BEGIN
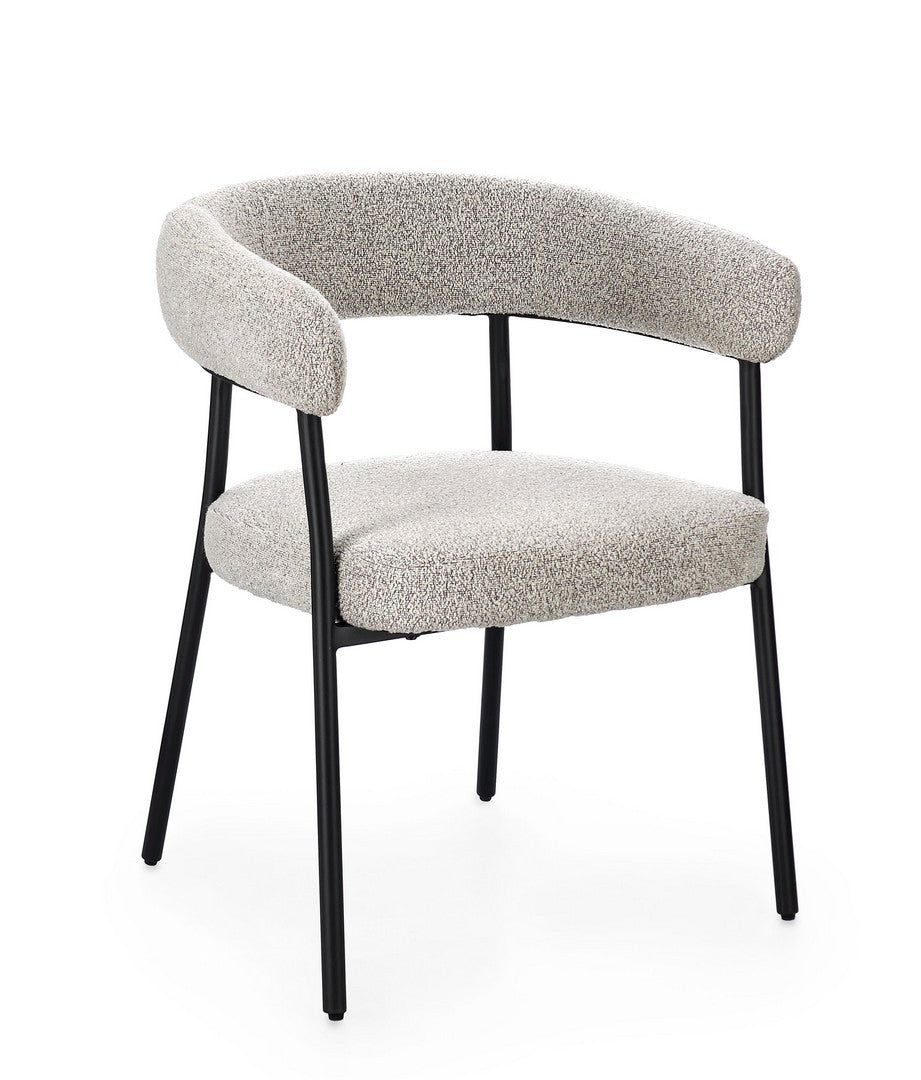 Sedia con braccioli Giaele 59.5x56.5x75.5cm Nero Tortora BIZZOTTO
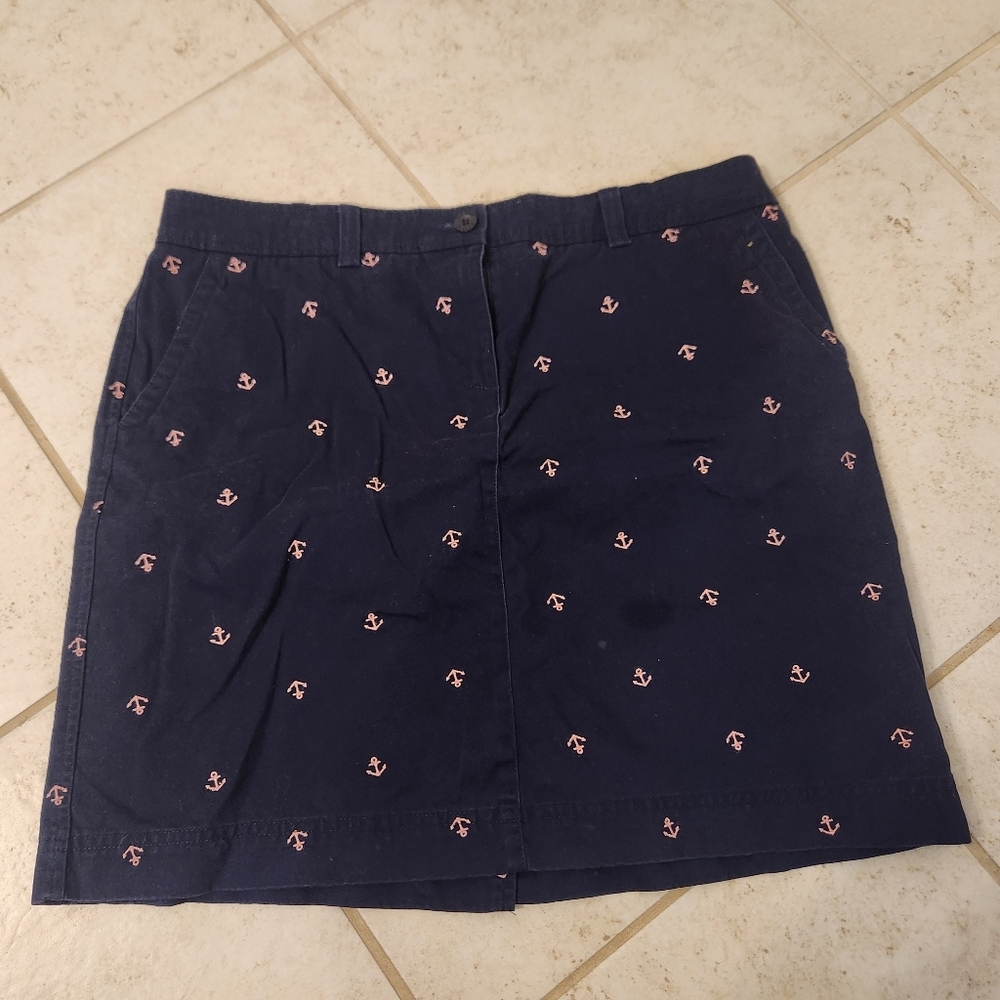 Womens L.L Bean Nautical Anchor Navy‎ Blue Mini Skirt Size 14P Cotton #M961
END
BEGIN
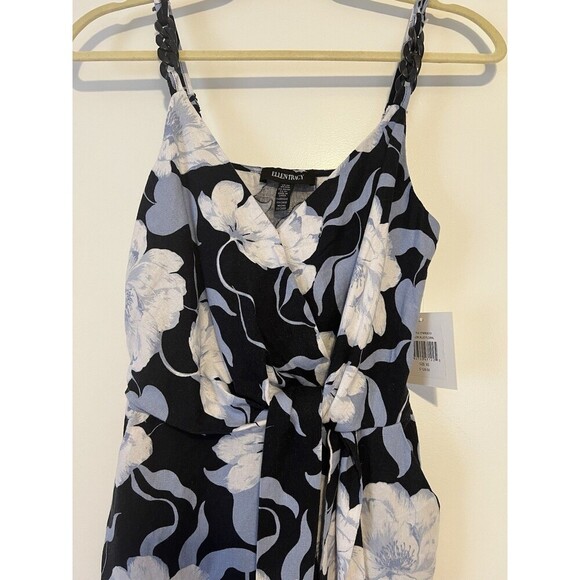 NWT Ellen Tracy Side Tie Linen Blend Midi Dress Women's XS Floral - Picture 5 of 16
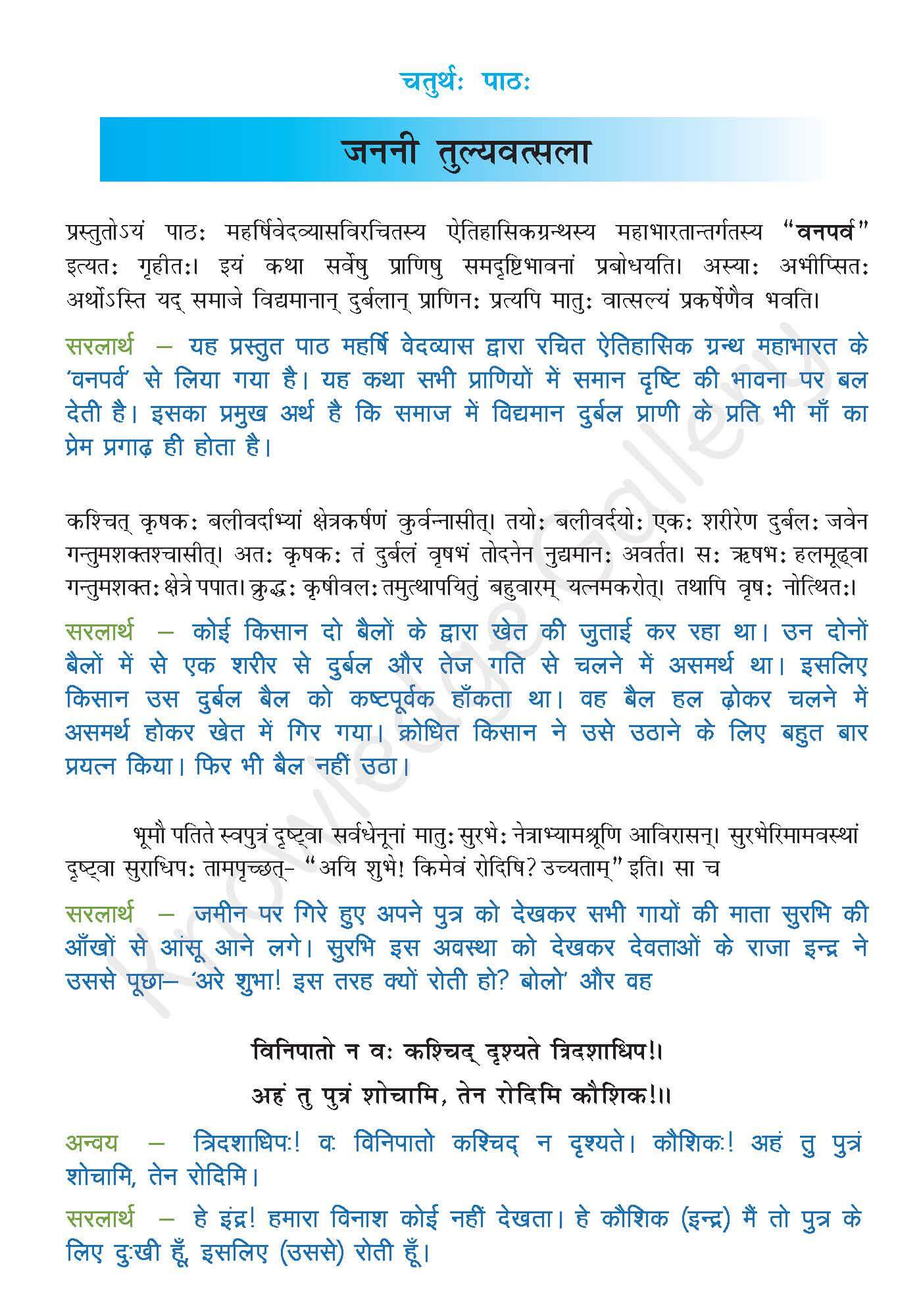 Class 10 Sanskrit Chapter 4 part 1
END
| Aim of the task |
In the material above, which lines fall between the one holding "NWT Ellen Tracy" and the one holding "Class 10 Sanskrit Chapter 4 part 1", inclusive? Print exactly those, with the pictures left out.

| Answer to the problem |
 NWT Ellen Tracy Side Tie Linen Blend Midi Dress Women's XS Floral - Picture 5 of 16
 Class 10 Sanskrit Chapter 4 part 1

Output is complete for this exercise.